**PROBLEM STATEMENT:** Transcribe every entry exactly; the images stay out.

Short descriptive text snippets:
↓↓↓

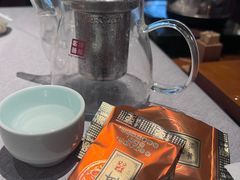 -晓粤·惹味粤菜(凯德乐峰广场店)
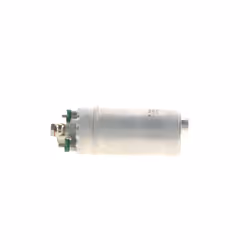 Pompe à carburant BOSCH 0 580 464 094 - Vue supplémentaire 5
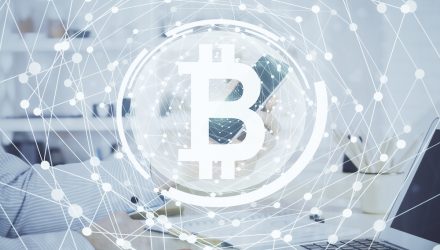 Bitcoin Could Soon Double, Said Russian Bank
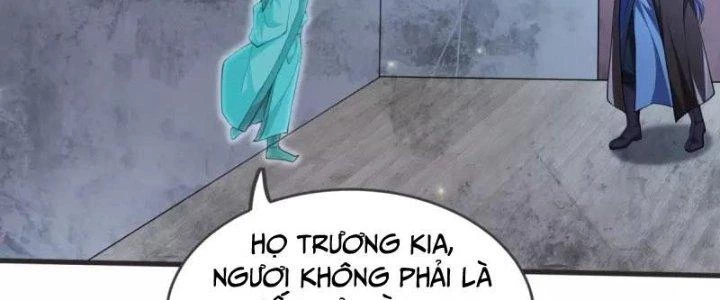 Chí Tôn Hoàn Mỹ Chapter 27 - Trang 2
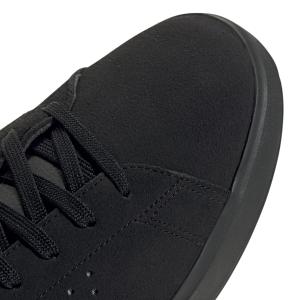 product/a/d/adidas_jq0384_cblack-globlu-carbon_9.jpg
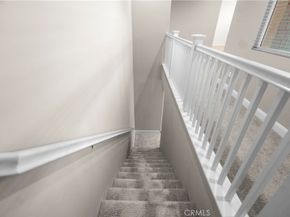 7459 Solstice Place, Rancho Cucamonga CA 91739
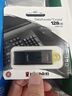 金士頓（Kingston）128GB USB3.2 Gen 1 U盤(pán) DTX 大容量U盤(pán) 時(shí)尚設計 輕巧便攜  學(xué)習辦公投標電腦車(chē)載通用 曬單實(shí)拍圖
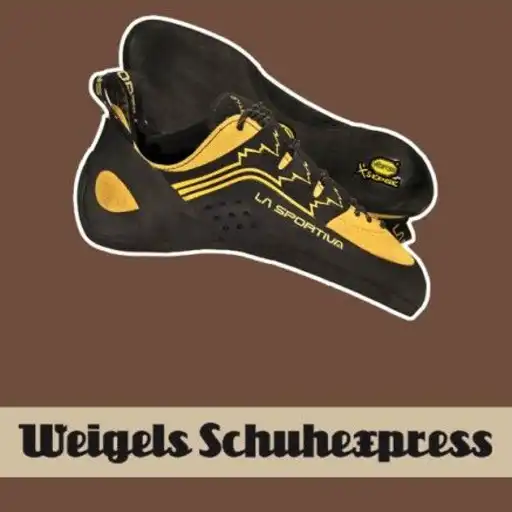 Play Kletterschuhdoktor APK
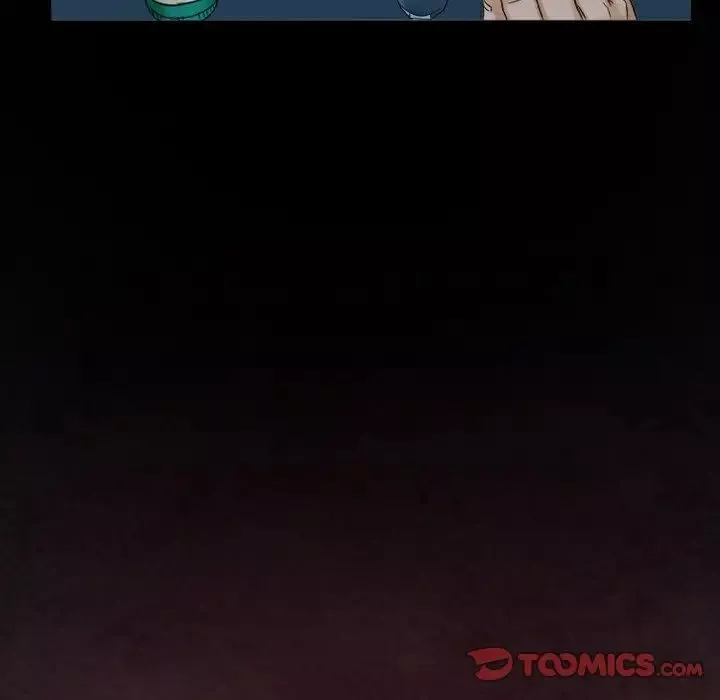 徘徊的心動第31話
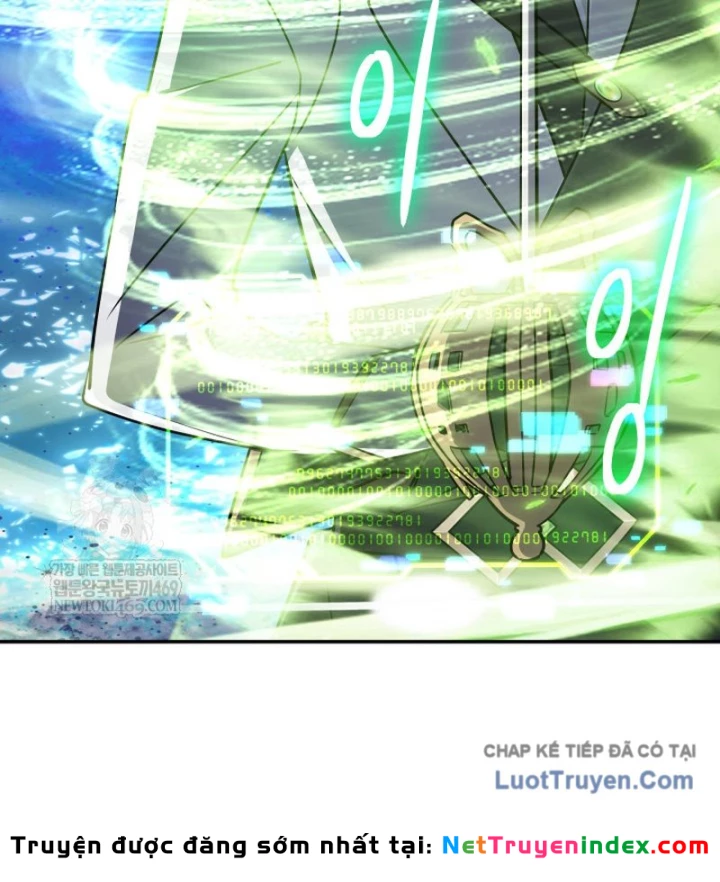 Đại Pháp Sư Thần Thoại Tái Lâm Chapter 77 - 70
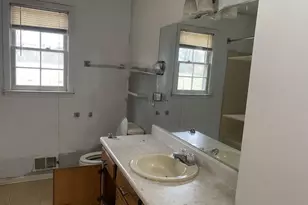 2509 New Mill Ct, Acworth, GA 30102 - Photo 24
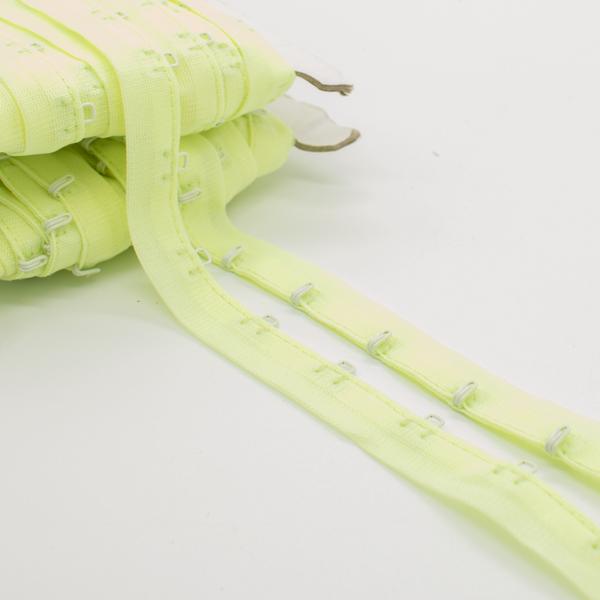 Hook and Eye Tape by the Metre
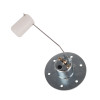 OMIX 17724.02 Fuel Sending Unit for 55-66 Jeep CJ-3B, CJ-5 & CJ-6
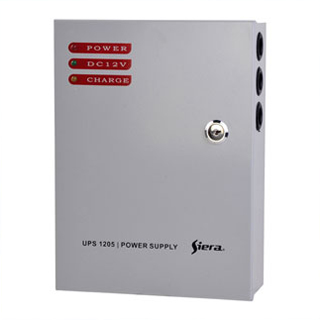 BPS 1205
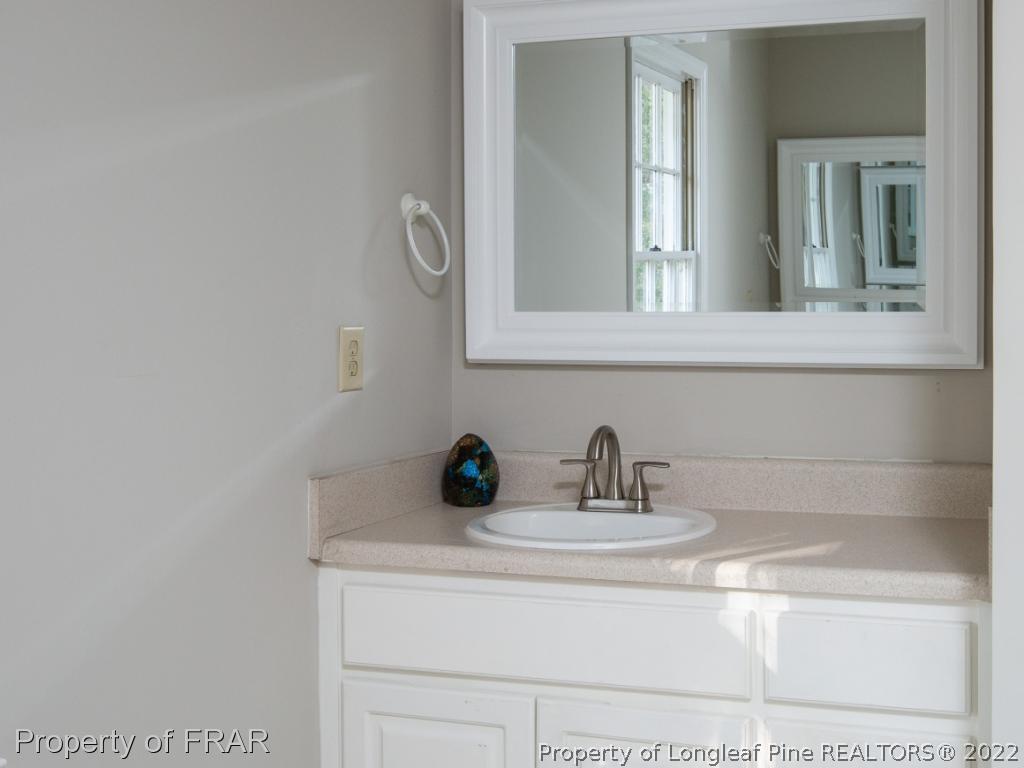 2078 Graham Road Fayetteville, NC 28304 - Photo 16 of 26 Gallery Image 16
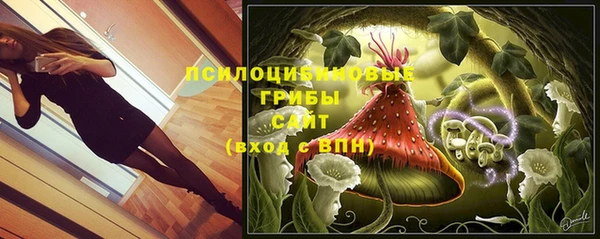 прущая мука Нягань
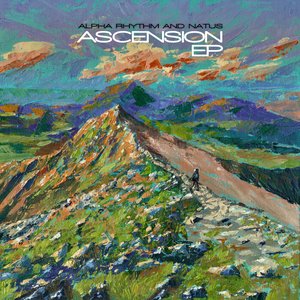 Guinevere - Ascension EP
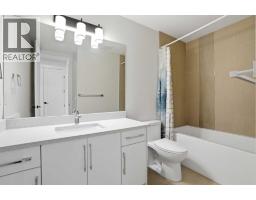 3817 Centre A Street Ne, Calgary, AB T2E3A5 Photo 34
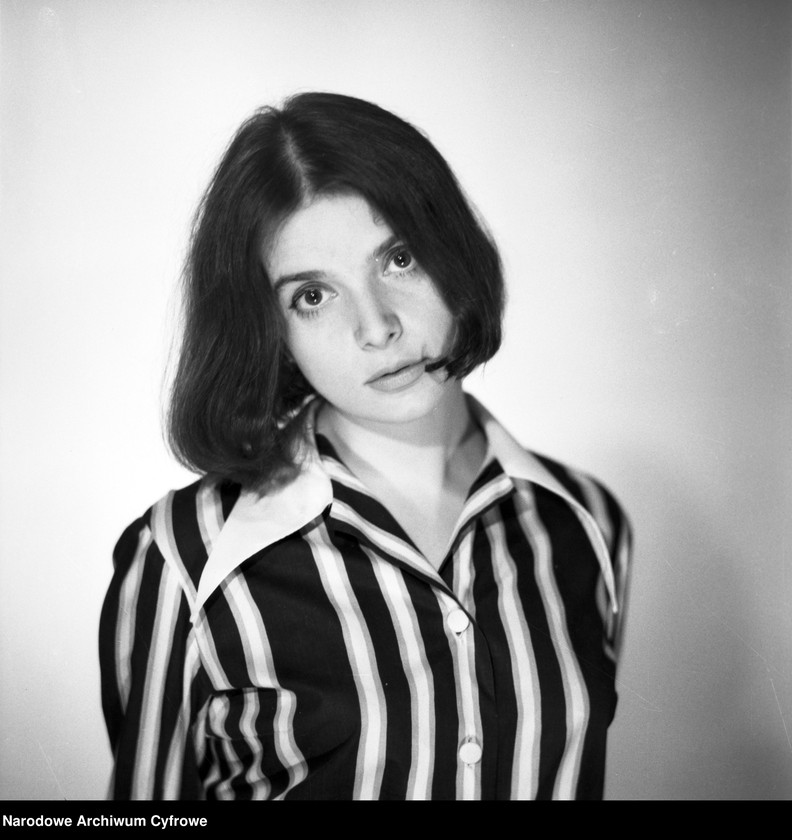 image.from.unit.number "Zofia Saretok, aktorka"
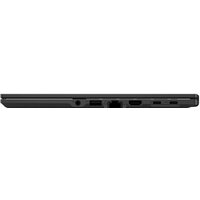 ASUS ExpertBook B1 B1402CBA-EB4232 Image #10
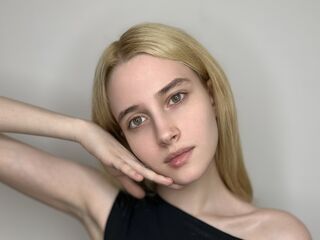 free hardcore sex web cam EmmaHurriet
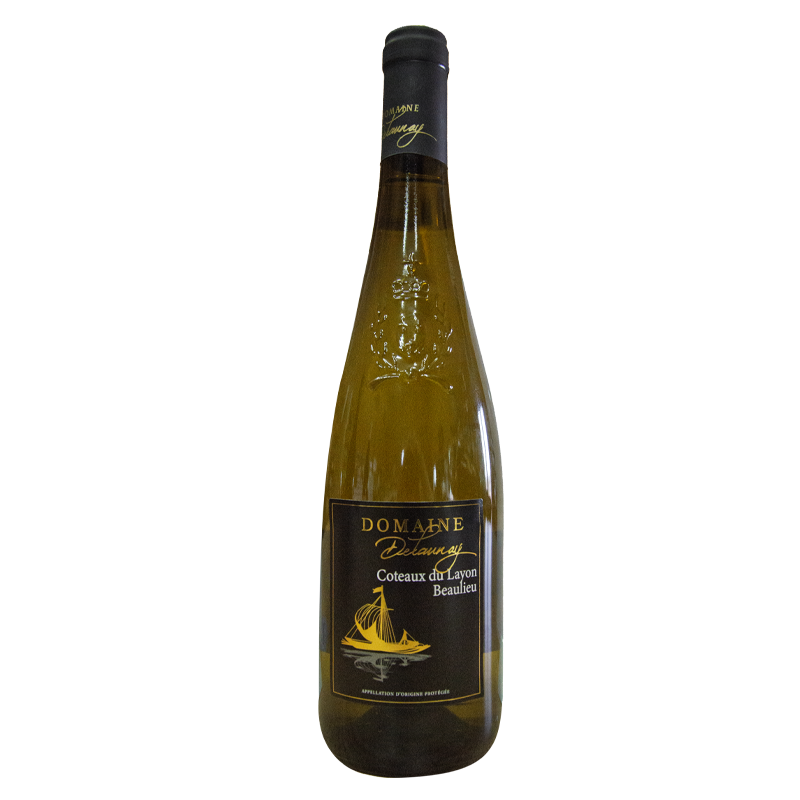 Coteaux du Layon Beaulieu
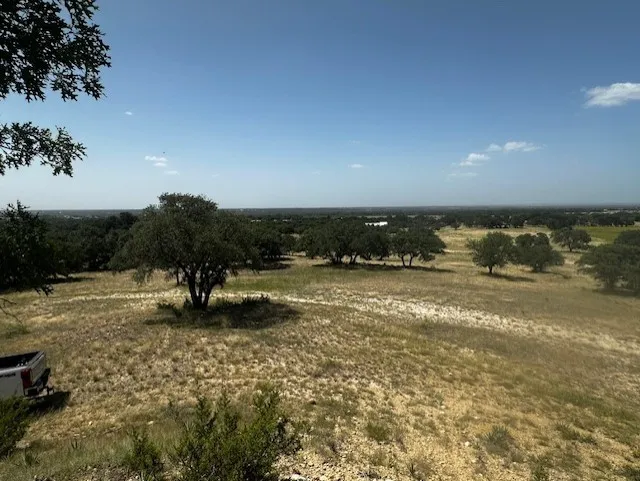 10400 Lipan Highway Lipan, TX 76462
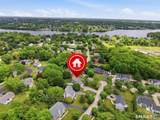 28 River Crest Drive - Photo 3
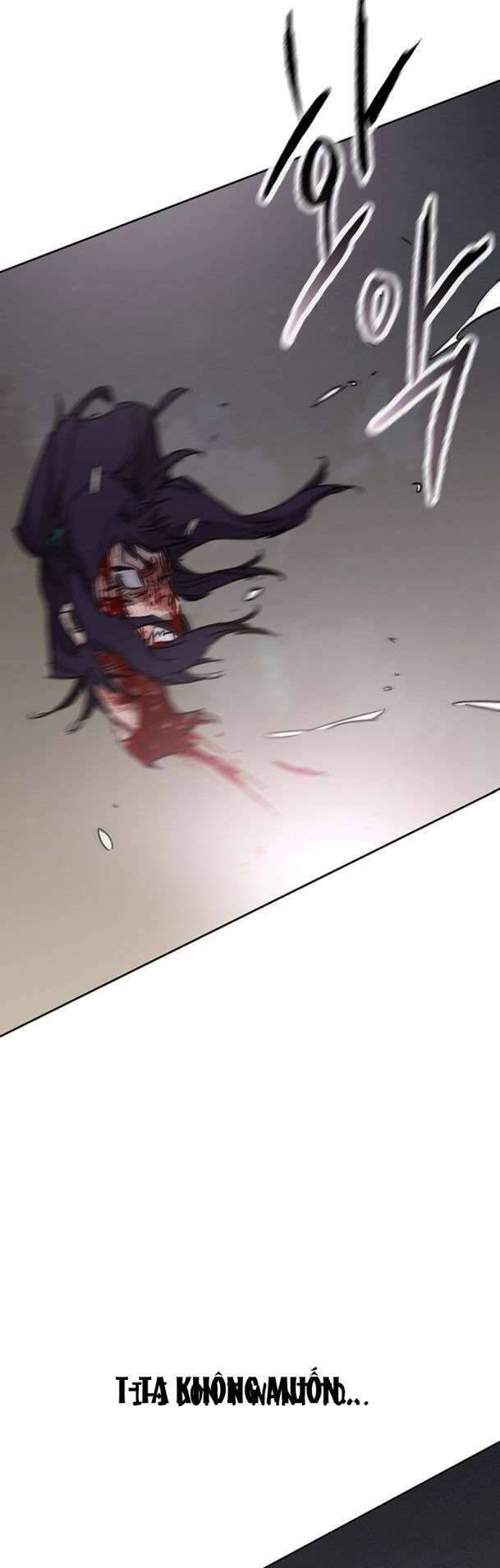 Tiên Kiếm Bất Bại Chap 175 - Next Chap 176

↑↑↑

**WRITTEN SOLUTION:**
 -晓粤·惹味粤菜(凯德乐峰广场店)
 Pompe à carburant BOSCH 0 580 464 094 - Vue supplémentaire 5
 Bitcoin Could Soon Double, Said Russian Bank
 Chí Tôn Hoàn Mỹ Chapter 27 - Trang 2
 product/a/d/adidas_jq0384_cblack-globlu-carbon_9.jpg
 7459 Solstice Place, Rancho Cucamonga CA 91739
 金士頓（Kingston）128GB USB3.2 Gen 1 U盤(pán) DTX 大容量U盤(pán) 時(shí)尚設計 輕巧便攜  學(xué)習辦公投標電腦車(chē)載通用 曬單實(shí)拍圖
 Play Kletterschuhdoktor APK
 徘徊的心動第31話
 Đại Pháp Sư Thần Thoại Tái Lâm Chapter 77 - 70
 2509 New Mill Ct, Acworth, GA 30102 - Photo 24
 Hook and Eye Tape by the Metre
 OMIX 17724.02 Fuel Sending Unit for 55-66 Jeep CJ-3B, CJ-5 & CJ-6
 BPS 1205
 2078 Graham Road Fayetteville, NC 28304 - Photo 16 of 26 Gallery Image 16
 прущая мука Нягань
 Guinevere - Ascension EP
 3817 Centre A Street Ne, Calgary, AB T2E3A5 Photo 34
 image.from.unit.number "Zofia Saretok, aktorka"
 ASUS ExpertBook B1 B1402CBA-EB4232 Image #10
 free hardcore sex web cam EmmaHurriet
 Coteaux du Layon Beaulieu
 10400 Lipan Highway Lipan, TX 76462
 28 River Crest Drive - Photo 3
 Tiên Kiếm Bất Bại Chap 175 - Next Chap 176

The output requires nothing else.